Thanks to the hypotesis we have the following informations (the first four equations are the Vieta's formula, and the last one is the arithmetic progression): \begin{equation} \begin{cases} \alpha\beta = \frac{c}{a}\\ \alpha+\beta = -\frac{2b}{a}\\ \alpha\gamma = \frac{r}{p}\\ \alpha + \gamma = -\frac{2q}{p}\\ \frac{b}{q}-\frac{a}{p} = \frac{c}{r} - \frac{b}{q} \end{cases} \quad\longrightarrow \quad \begin{cases} c = a\alpha\beta\\ b = -\frac{a(\alpha+\beta)}{2}\\ r = p\alpha \gamma\\ q= - \frac{p(\alpha+\gamma)}{2}\\ \frac{a(\alpha+\beta)}{p(\alpha+\gamma)}- \frac{a}{p} = \frac{a\beta}{p\gamma}- \frac{a(\alpha+\beta)}{p(\alpha+\gamma)} \end{cases} \end{equation}
Now continue to compute the last equation: we can simplify the factor $\frac{a}{p}$ and: \begin{gather} \frac{\alpha+\beta}{\alpha+\gamma} - 1 = \frac{\beta}{\gamma} - \frac{\alpha+\beta}{\alpha+\gamma}\\ \frac{\gamma(\alpha+\beta)-\gamma(\alpha+\gamma)}{\gamma(\alpha+\gamma)} = \frac{\beta(\alpha+\gamma)-\gamma(\alpha+\beta)}{\gamma(\alpha+\gamma)}\\ \alpha\gamma+\beta\gamma-\alpha\gamma-\gamma^2 = \alpha\beta+\beta\gamma-\alpha\gamma-\beta\gamma\\ \gamma^2-\alpha\gamma-\beta\gamma+\alpha\beta =0\\ (\gamma-\alpha)(\gamma-\beta)=0 \end{gather} So we have only two possible cases: $\gamma=\alpha$ or $\gamma=\beta$.

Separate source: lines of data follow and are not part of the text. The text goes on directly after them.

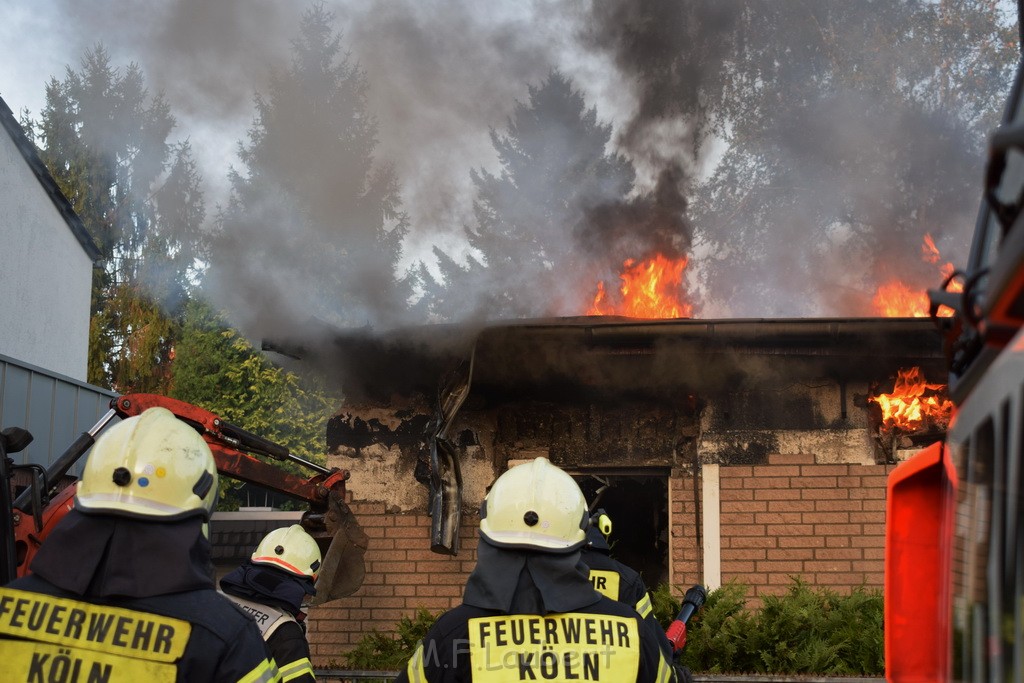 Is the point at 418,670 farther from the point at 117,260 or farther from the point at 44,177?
the point at 117,260

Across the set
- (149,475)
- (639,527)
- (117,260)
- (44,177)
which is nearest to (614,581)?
(149,475)

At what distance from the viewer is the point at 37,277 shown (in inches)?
562

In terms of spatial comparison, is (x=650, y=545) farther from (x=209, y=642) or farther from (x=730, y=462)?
(x=209, y=642)

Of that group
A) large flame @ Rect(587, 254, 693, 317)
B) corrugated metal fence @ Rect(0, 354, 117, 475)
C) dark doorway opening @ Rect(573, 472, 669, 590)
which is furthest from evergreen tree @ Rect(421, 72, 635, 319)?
corrugated metal fence @ Rect(0, 354, 117, 475)

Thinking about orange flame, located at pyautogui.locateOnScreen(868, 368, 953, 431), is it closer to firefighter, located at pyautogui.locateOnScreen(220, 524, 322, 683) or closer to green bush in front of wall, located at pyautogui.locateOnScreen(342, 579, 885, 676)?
green bush in front of wall, located at pyautogui.locateOnScreen(342, 579, 885, 676)

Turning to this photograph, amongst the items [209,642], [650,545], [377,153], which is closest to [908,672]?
[209,642]

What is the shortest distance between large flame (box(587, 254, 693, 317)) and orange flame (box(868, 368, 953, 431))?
6.88 ft

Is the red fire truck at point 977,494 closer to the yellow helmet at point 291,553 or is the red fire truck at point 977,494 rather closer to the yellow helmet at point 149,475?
the yellow helmet at point 149,475

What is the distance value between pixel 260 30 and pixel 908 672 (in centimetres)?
756

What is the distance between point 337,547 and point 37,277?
905 centimetres

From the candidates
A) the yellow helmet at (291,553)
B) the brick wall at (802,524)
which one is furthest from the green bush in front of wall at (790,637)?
the yellow helmet at (291,553)

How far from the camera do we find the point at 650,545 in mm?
10711

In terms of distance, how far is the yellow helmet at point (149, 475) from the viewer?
8.27ft

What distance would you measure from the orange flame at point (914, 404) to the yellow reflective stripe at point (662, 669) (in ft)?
16.0
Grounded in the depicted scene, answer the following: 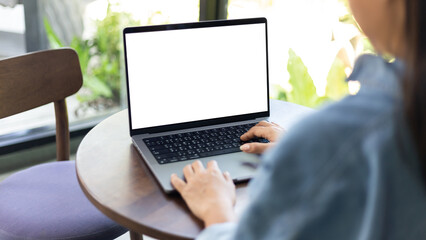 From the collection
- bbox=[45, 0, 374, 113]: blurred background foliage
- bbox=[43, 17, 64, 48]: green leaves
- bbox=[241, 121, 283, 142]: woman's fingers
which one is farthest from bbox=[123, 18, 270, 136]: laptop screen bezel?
bbox=[43, 17, 64, 48]: green leaves

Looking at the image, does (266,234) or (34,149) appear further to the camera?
(34,149)

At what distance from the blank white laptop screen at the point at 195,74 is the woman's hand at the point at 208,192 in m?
0.29

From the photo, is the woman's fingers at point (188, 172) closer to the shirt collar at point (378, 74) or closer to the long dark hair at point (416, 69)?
the shirt collar at point (378, 74)

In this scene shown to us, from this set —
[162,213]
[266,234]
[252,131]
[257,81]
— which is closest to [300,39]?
[257,81]

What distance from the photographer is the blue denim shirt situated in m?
0.51

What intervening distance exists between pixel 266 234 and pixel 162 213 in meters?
0.45

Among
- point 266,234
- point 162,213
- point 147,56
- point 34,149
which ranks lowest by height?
point 34,149

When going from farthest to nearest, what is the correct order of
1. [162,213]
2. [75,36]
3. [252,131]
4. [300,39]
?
[75,36]
[300,39]
[252,131]
[162,213]

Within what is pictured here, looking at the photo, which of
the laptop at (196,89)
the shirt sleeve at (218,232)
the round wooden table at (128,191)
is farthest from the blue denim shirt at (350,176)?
the laptop at (196,89)

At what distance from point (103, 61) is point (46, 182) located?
4.93 feet

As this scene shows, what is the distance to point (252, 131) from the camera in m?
1.29

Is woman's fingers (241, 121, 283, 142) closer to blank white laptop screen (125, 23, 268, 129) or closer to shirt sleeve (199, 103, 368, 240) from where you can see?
blank white laptop screen (125, 23, 268, 129)

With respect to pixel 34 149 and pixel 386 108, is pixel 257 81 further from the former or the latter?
pixel 34 149

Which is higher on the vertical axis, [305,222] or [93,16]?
[93,16]
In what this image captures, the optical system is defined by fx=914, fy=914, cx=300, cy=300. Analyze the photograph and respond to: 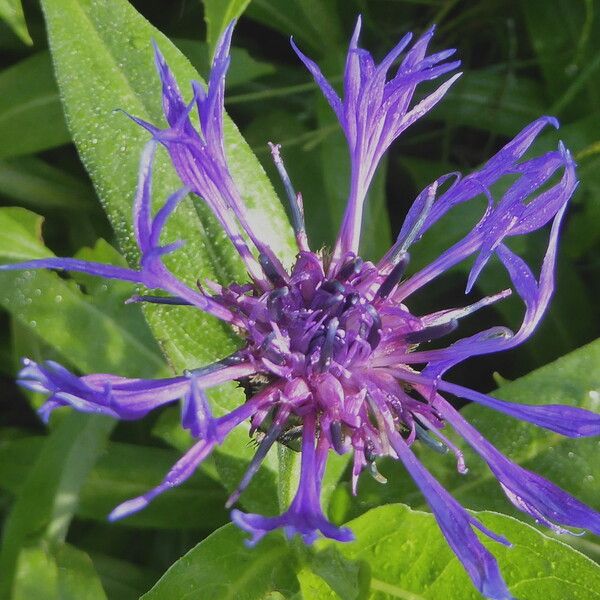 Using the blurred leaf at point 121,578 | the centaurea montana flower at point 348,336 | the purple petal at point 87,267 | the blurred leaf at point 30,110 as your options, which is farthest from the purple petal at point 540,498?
the blurred leaf at point 30,110

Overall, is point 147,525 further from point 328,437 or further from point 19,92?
point 19,92

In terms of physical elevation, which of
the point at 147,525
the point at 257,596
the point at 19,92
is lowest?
the point at 147,525

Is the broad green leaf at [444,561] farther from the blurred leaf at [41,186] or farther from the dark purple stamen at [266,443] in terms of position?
the blurred leaf at [41,186]

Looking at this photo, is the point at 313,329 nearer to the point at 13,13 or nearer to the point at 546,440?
the point at 546,440

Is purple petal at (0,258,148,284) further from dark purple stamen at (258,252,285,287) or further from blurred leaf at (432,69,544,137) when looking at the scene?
blurred leaf at (432,69,544,137)

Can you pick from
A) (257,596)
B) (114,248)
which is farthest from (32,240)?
(257,596)

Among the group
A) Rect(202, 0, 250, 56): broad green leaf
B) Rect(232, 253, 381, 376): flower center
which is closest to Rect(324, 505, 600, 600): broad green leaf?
Rect(232, 253, 381, 376): flower center

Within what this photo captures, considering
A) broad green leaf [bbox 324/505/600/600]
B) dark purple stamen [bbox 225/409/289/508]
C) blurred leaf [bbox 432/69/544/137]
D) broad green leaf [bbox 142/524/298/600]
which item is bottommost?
broad green leaf [bbox 142/524/298/600] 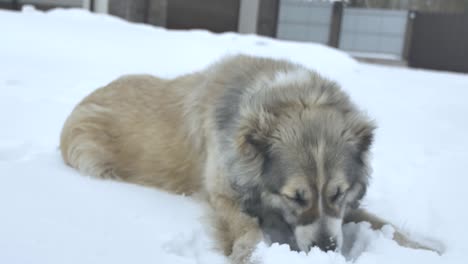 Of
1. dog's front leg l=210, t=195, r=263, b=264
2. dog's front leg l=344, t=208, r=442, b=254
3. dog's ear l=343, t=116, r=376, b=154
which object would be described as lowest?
dog's front leg l=210, t=195, r=263, b=264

Now $p,q,r$ are in geometric series if and only if $$ \frac{p}{q}=\frac{q}{r} \ \Longleftrightarrow \ q^2 = pr $$ and sobstituting $r$ and $q$ (as they appear in the system above) we obtain: \begin{gather} q^2 = pr\\ p^2\frac{(\alpha+\gamma)^2}{4} = p^2\alpha\gamma\\ (\alpha+\gamma)^2 = 4\alpha\gamma\\ (\gamma-\alpha)^2 = 0 \end{gather} So if we require that the two starting polynomial have exactly one root in common (or $\alpha=\gamma=\beta$), we have the statement because the condition of arithmetic progression forces to $\gamma=\alpha$.
If not, it's possible that $\gamma=\beta$ and in this case $p,q,r$ are not in geometric progression (in general). Take for example $\beta=\gamma=1$, $\alpha=2$, $a=p=1$.